I’d read a couple of stories/novellas before (Chaves, The Lost Cause of Jacob Uber) by Eduardo Mallea, though I can’t exactly remember where I heard of him – certainly not in the English media anyway (Wikipedia has a typically laconic write-up). He was an Argentinian writer of the 30s-60s – Fiesta in November was written in 1938.

From what I’ve read, Mallea seems to specialise in hatred. Both Chaves and Lost Cause, as far as I remember, were about men who aroused an unreasoned aversion in their fellows. Fiesta in November, however, largely seems to concern characters who hate themselves, or segments of society possessed by an unbridgeable hatred.

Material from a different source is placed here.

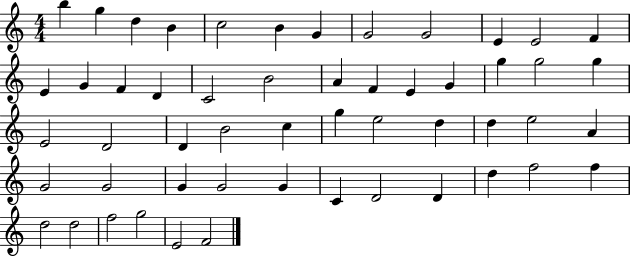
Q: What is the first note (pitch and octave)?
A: B5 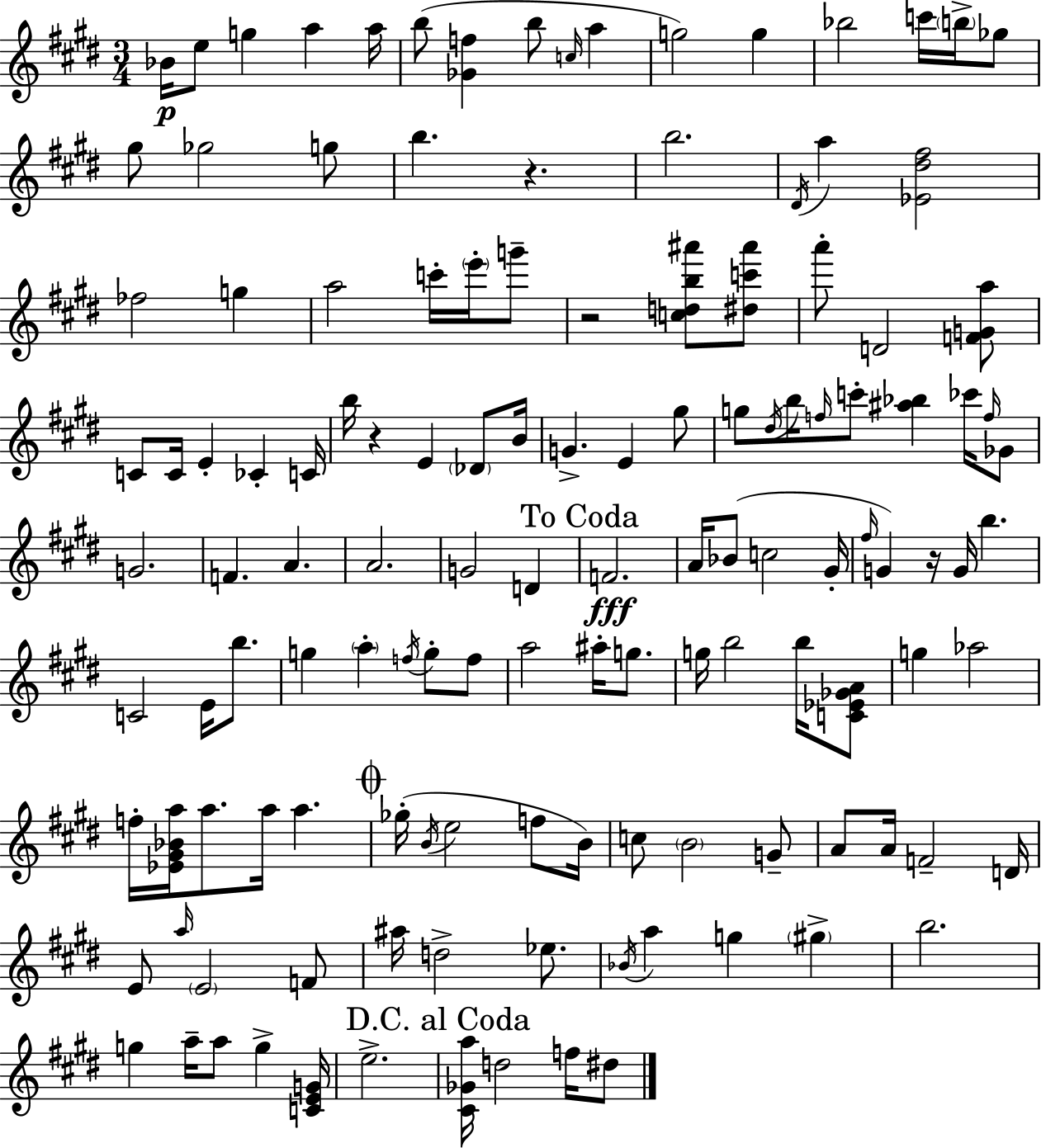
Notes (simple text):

Bb4/s E5/e G5/q A5/q A5/s B5/e [Gb4,F5]/q B5/e C5/s A5/q G5/h G5/q Bb5/h C6/s B5/s Gb5/e G#5/e Gb5/h G5/e B5/q. R/q. B5/h. D#4/s A5/q [Eb4,D#5,F#5]/h FES5/h G5/q A5/h C6/s E6/s G6/e R/h [C5,D5,B5,A#6]/e [D#5,C6,A#6]/e A6/e D4/h [F4,G4,A5]/e C4/e C4/s E4/q CES4/q C4/s B5/s R/q E4/q Db4/e B4/s G4/q. E4/q G#5/e G5/e D#5/s B5/s F5/s C6/e [A#5,Bb5]/q CES6/s F5/s Gb4/e G4/h. F4/q. A4/q. A4/h. G4/h D4/q F4/h. A4/s Bb4/e C5/h G#4/s F#5/s G4/q R/s G4/s B5/q. C4/h E4/s B5/e. G5/q A5/q F5/s G5/e F5/e A5/h A#5/s G5/e. G5/s B5/h B5/s [C4,Eb4,Gb4,A4]/e G5/q Ab5/h F5/s [Eb4,G#4,Bb4,A5]/s A5/e. A5/s A5/q. Gb5/s B4/s E5/h F5/e B4/s C5/e B4/h G4/e A4/e A4/s F4/h D4/s E4/e A5/s E4/h F4/e A#5/s D5/h Eb5/e. Bb4/s A5/q G5/q G#5/q B5/h. G5/q A5/s A5/e G5/q [C4,E4,G4]/s E5/h. [C#4,Gb4,A5]/s D5/h F5/s D#5/e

It takes place at a high-society party being given by a woman called Mrs Rague, drifting from point of view to point of view in an occasionally stream-of-consciousness type way – now turning to her husband, now to her daughter Marta, now to a out-of-place guest, a painter called Lintas. One might easily perhaps recall Mrs Dalloway in this, yet having not read it for a long time, I couldn’t rightly say if this was merely a superficial resemblance or if it is entirely derived from that book. Mrs Rague, as it happens, is an Englishwoman who has married an Argentine, and she hates – along with all her class – poor people (which, as we know, is the very characteristic of Virginia Woolf). Her daughter, however, upon whom the narrative eventually settles, hates her own class – and yet is unable to reach out to a class beyond her, here represented by Lintas, who himself has a lot of issues about class to get off his chest, leading to a rather disappointing second half where characters speak far too theoretically, as if they have no interest in communicating, but are only intent on representing the author’s own ideas in a stilted manner. The business of class is remarkably heavy-handed: they are essentially portrayed as two different races, split from birth and incapable of intermingling (though I suppose this is what a class system really is, as opposed to our own which we are supposed to be obsessed about); the upper class have complete contempt for the lower, seeing them more or less as inhuman; but perhaps this is a reasonable representation of Argentina at this time. The first half I found much better.

I also read Ernesto Sabato’s disappointing The Tunnel; and Autumn Sonata by Ramón del Valle-Inclán, which was much on the same lines as Spring and Summer.